TASK PROMPT
All the data that follows should be repeated exactly, without a single picture.

RECORDED DATA
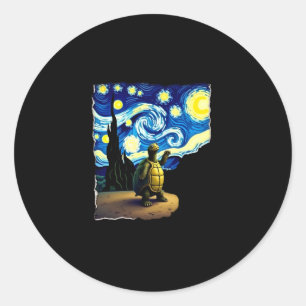 Kunstzinnig Schildpad T-shirt Starnacht Schildpad Ronde Sticker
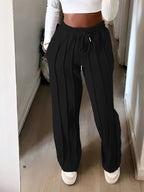 Judd | Womens Wide Leg High Waisted Pleated Palazzo Casual Trousers - 6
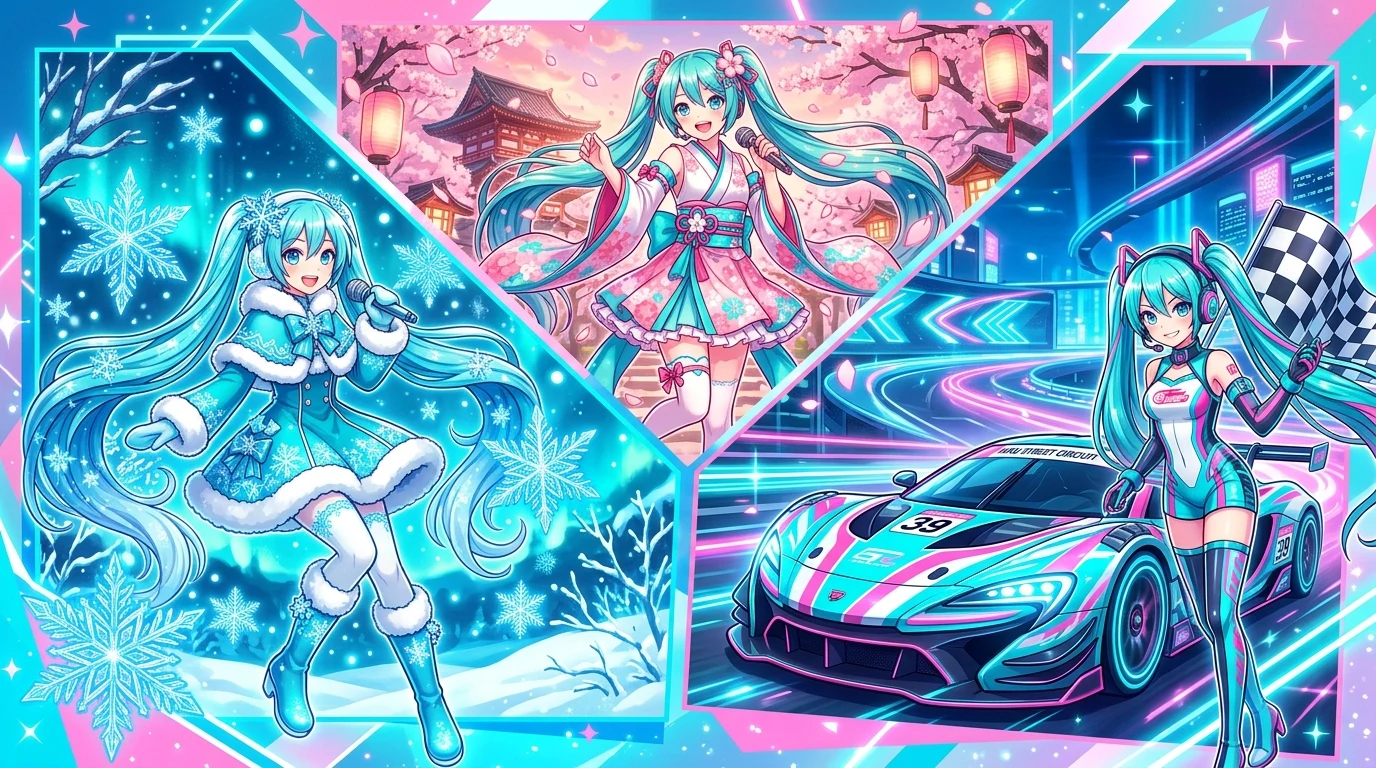 雪ミク 桜ミク レーシングミク 公式派生バリエーション比較イラスト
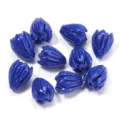 Blue tulip shell beads 7x9mm DIY jewelry accessories for earrings and brooches 10pcs - Sapphire Blue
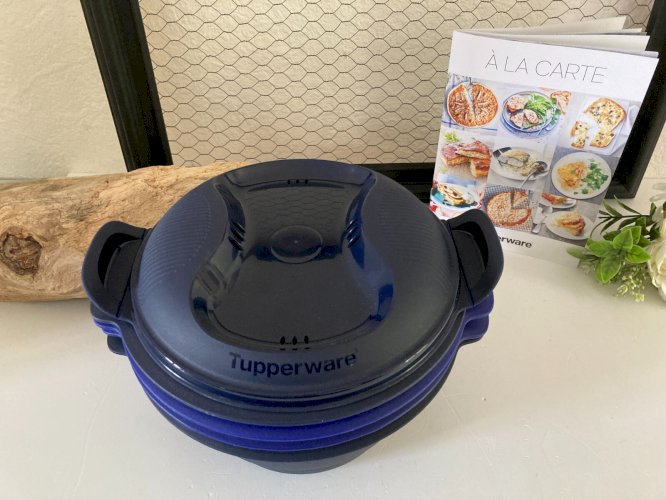 AV7⚜️Tupperware Cuisson à La Vapeur Micro-Ondes Micro Urban Millenial Bleu Foncé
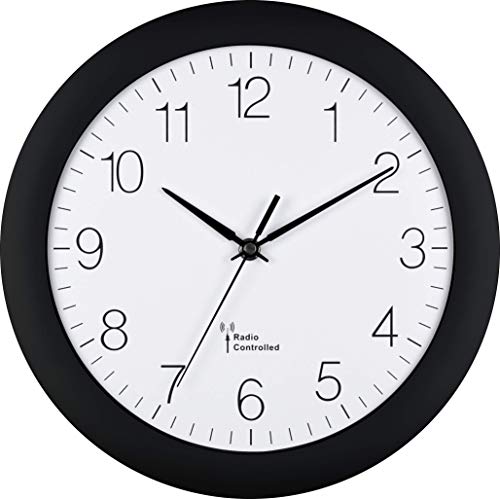 Eurotime Funkwanduhr, 30 cm, Kunststoffgehäuse, gewölbtes Echtglas, automatische Zeitein- und Zeitumstellung von Sommer- und Winterzeit, Wanduhr für Küche und Wohnbereich, schwarz, 52800-05 von Eurotime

ANSWER SPACE
 Kunstzinnig Schildpad T-shirt Starnacht Schildpad Ronde Sticker
 Judd | Womens Wide Leg High Waisted Pleated Palazzo Casual Trousers - 6
 雪ミク 桜ミク レーシングミク 公式派生バリエーション比較イラスト
 Blue tulip shell beads 7x9mm DIY jewelry accessories for earrings and brooches 10pcs - Sapphire Blue
 AV7⚜️Tupperware Cuisson à La Vapeur Micro-Ondes Micro Urban Millenial Bleu Foncé
 Eurotime Funkwanduhr, 30 cm, Kunststoffgehäuse, gewölbtes Echtglas, automatische Zeitein- und Zeitumstellung von Sommer- und Winterzeit, Wanduhr für Küche und Wohnbereich, schwarz, 52800-05 von Eurotime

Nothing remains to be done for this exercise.